Has anybody come across a list of ARM & THUMB instructions that cause deviation from the linear instruction stream?
I've been trying to figure out gdb-stub single stepping using software interrupts, and in single stepping you need to find
the next instruction(s) where the next breakpoint instruction needs to be set.
There are three cases:
1) current instruction doesn't change the execution path. Next instruction is the next word.
2) current instruction is a jump. The operand defines the next instruction address
3) current instruction is conditional branch. One possible next instruction is the next word, the other possible
instruction address is defined by the operand. (That includes conditional add with PC as the target, and the like).
To implement single stepping, I need to tell those cases apart and figure out how to find out the possible branching address.
I could go through manuals of numerous processors instruction by instruction and maybe I'd be done within the next couple of years,
or I could find a list of instructions to check, or a paper that explains how to "decode" the instructions in a useful way.
Also, there doesn't seem to be lots of sources of ARM gdb servers or stubs around that use software breakpoints.
A couple of observations...
Depends on what you mean by "word". Usually word means 4 bytes for ARM processors. ARM instructions are word sized, Thumb instructions can be word or halfword sized.
On (2/3), these category covers a fairly hefty portion of the instruction set. Most data processing and load instructions allow the PC as the destination. For example "ADD pc, r0, r1" would cause the processor to branch to the address "r0+r1".
There are also a number of special cases. For example SVC, SMC and HVC all cause exceptions, which you could think of as a special kind of branch. Similarly, "SUBS pc, lr, #4" would perform an exception return - which again you could think of as special type of branch.
Then there are other types of exception to think of. Something like "VADD.F32 s0, s1, s2" would either perform a 32-bit floating point addition, or trigger an exception if the FPU wasn't enabled. Any kind of load/store could trigger an exception due to MMU/MPU checks.
I do not have a list of instructions, but try to think in the "disassembler" direction.
First of all, make a table, where each entry consist of a mask and a value and a handler.
The actual instruction is ANDed with the mask, then compared against the value.
If the value match, you jump to the handler.

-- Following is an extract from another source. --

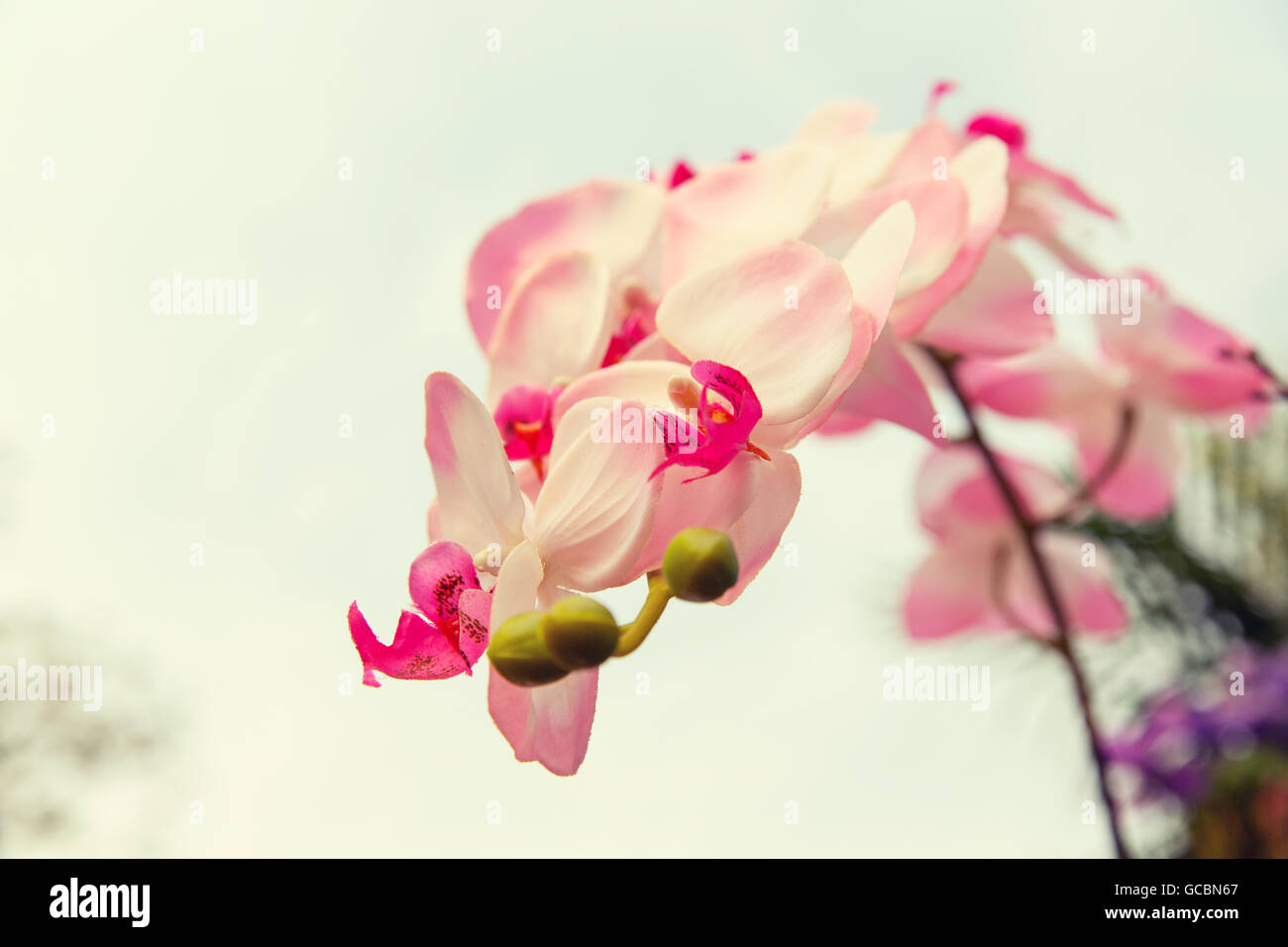 beautiful orchid flowers Stock Photo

The handler could for instance handle adding r0+r1 like in Martin's example above.
This would simplify the task a little.
I know that OpenOCD can disassemble, so I just made a quick grep -iR 'rrx' * in order to find the disassembler; it seems it's located in src/target/arm_disassembler.c
Unfortunately, it appears to be a bit bulky, but I think it would be helpful anyway.
In addition to this, you might want to head over to the ARM Information Center > ARM architecture > Reference Manuals and download these PDF files. You can download them for free; you just need to register first.
I especially find the Thumb Instruction Set Encoding chapter in ARMv7-M_ARM.pdf interesting.
Sorry about my sloppy use of 'words' (pun intended).
It was just easier to talk about words (as 32-bit entities,like ARM instructions).
I'm painfully aware of the abundance of instruction flow changing instructions, but the main thing is single stepping
(implementation of a gdb stub),
Even if ADD can have PC as target (causing a jump) there are many adds that do not. Only those with PC as the target count. Similarly, interrupts and HW exceptions are not single stepped. SW excptions _might_ be (although maybe later).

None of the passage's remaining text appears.